# Available data:
|---|

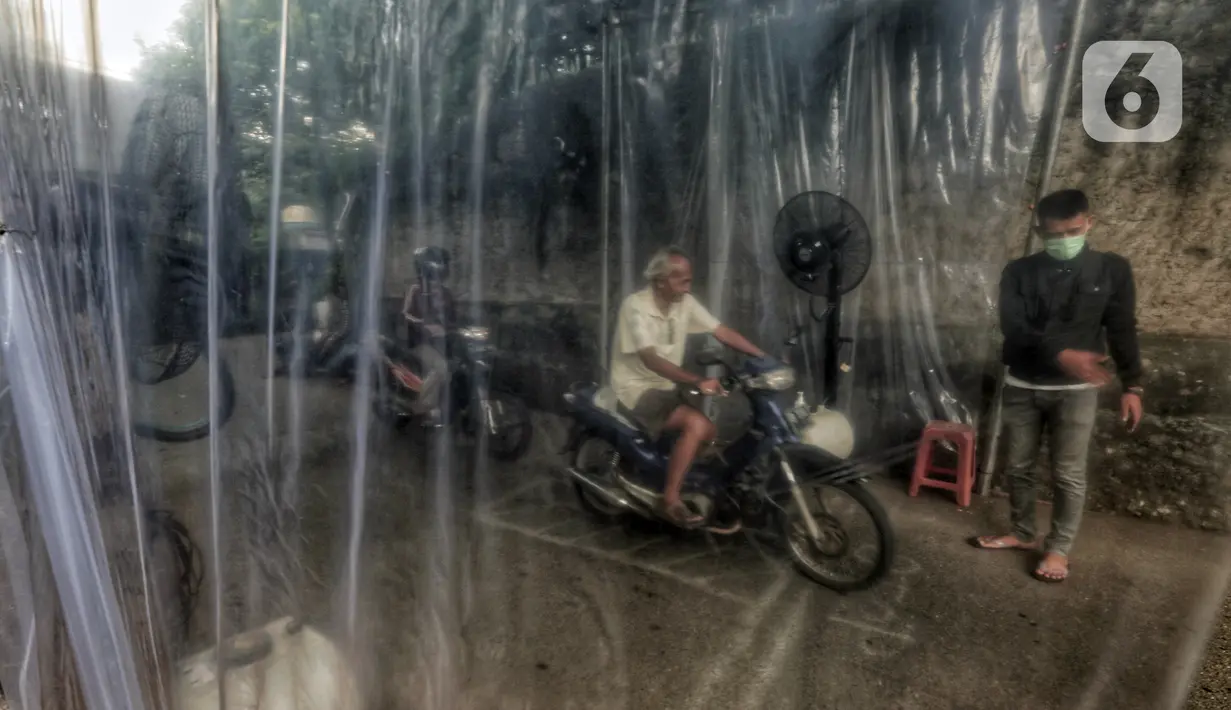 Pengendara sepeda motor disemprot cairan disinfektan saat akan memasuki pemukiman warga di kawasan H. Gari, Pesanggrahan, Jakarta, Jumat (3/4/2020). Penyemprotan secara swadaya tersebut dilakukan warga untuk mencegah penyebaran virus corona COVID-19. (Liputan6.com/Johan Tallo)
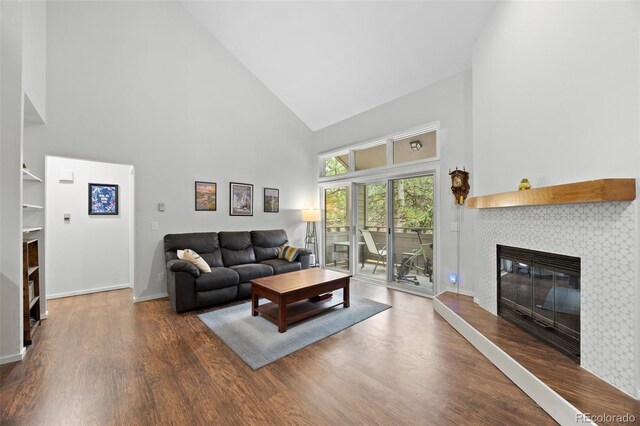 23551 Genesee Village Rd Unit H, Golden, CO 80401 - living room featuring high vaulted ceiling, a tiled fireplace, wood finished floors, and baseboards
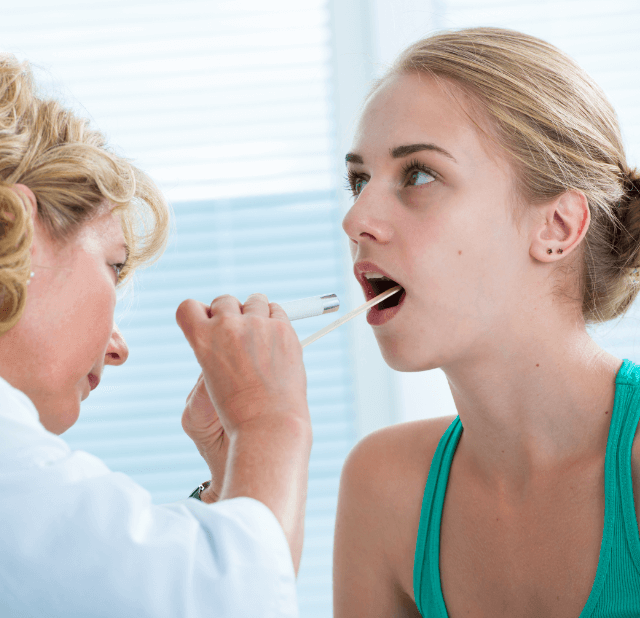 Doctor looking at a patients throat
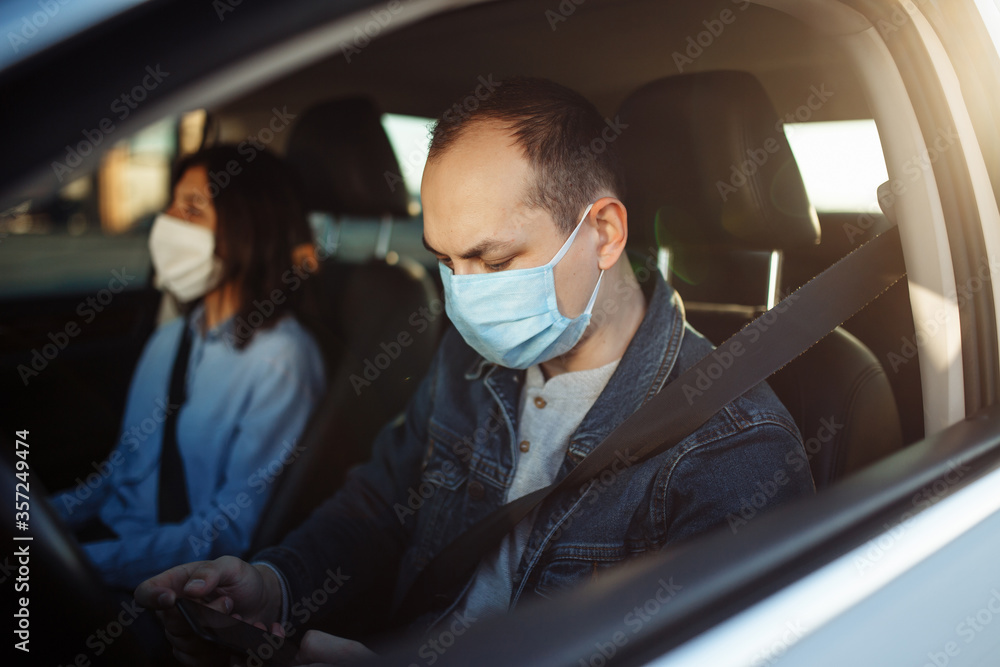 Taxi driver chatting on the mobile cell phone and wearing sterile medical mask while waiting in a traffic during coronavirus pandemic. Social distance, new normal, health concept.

|---|

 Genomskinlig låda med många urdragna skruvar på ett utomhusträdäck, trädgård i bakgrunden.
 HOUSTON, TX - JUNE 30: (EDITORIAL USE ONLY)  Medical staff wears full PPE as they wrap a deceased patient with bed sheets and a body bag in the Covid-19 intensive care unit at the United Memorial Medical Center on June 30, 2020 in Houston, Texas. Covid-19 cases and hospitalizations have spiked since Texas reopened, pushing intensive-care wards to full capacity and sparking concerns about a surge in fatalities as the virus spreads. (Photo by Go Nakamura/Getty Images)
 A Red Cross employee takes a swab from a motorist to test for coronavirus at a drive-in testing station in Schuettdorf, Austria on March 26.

|---|

# What the exercise asks:
Working from the data above, repeat exactly, and only, the lines that begin at the line containing "23551 Genesee Village" and stop after the line containing "Taxi driver chatting"; pictures are not copied.

# Written answer:
 23551 Genesee Village Rd Unit H, Golden, CO 80401 - living room featuring high vaulted ceiling, a tiled fireplace, wood finished floors, and baseboards
 Doctor looking at a patients throat
 Taxi driver chatting on the mobile cell phone and wearing sterile medical mask while waiting in a traffic during coronavirus pandemic. Social distance, new normal, health concept.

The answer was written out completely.